Abstract

With the naive innocence which was part of the charm of his childlike character, Darwin was less than fair to his old school, Shrewsbury. In his Autobiography , he wrote of it, ‘Nothing could have been worse for the development of my mind than Dr. Butler’s school, as it was strictly classical, nothing else being taught except a little ancient history and geography.

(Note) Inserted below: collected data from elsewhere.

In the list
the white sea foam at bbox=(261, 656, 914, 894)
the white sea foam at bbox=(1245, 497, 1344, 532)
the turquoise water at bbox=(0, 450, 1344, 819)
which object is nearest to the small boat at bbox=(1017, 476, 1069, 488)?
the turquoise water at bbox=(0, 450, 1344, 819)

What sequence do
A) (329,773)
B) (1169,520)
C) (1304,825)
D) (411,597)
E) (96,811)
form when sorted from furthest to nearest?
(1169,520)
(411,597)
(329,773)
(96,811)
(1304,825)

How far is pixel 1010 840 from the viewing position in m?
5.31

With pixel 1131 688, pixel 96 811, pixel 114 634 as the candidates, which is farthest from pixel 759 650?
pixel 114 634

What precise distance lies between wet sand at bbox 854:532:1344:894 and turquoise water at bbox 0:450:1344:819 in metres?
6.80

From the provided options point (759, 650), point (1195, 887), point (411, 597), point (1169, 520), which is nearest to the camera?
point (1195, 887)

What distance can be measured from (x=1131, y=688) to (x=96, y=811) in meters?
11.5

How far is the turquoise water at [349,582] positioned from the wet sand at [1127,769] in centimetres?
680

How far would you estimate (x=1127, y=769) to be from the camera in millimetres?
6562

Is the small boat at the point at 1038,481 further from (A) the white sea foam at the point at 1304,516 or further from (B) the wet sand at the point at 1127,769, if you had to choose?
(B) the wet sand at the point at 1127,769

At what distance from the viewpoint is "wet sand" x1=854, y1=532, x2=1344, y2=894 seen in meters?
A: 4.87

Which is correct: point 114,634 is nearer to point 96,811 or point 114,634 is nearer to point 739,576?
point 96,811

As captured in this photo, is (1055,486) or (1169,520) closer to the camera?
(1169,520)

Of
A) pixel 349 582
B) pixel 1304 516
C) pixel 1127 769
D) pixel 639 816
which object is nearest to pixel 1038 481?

The school as a means of education to me was simply a blank.’ It is true that his Headmaster upbraided him for wasting his time on chemistry, with his brother Erasmus, in a shed at his home, and this probably rankled; but it seems that Darwin was incapable of appreciating the imponderables in the formation of his own mental equipment, for Edinburgh and Cambridge fared no better at his hands than Shrewsbury School: ‘During the three years which I spent in Cambridge my time was wasted, as far as the academical studies were concerned, as completely as at Edinburgh and at school.’ Worse still, he went on: ‘Although as we shall presently see there were some redeeming features in my life at school, my time was sadly wasted there and worse than wasted.’ How, in the state of ignorance that prevailed in 1818 as regards science in general and biology in particular, would Darwin have preferred to spend his time, and on what subjects? The only one that can be identified straightaway, and which Darwin himself always regretted, was mathematics.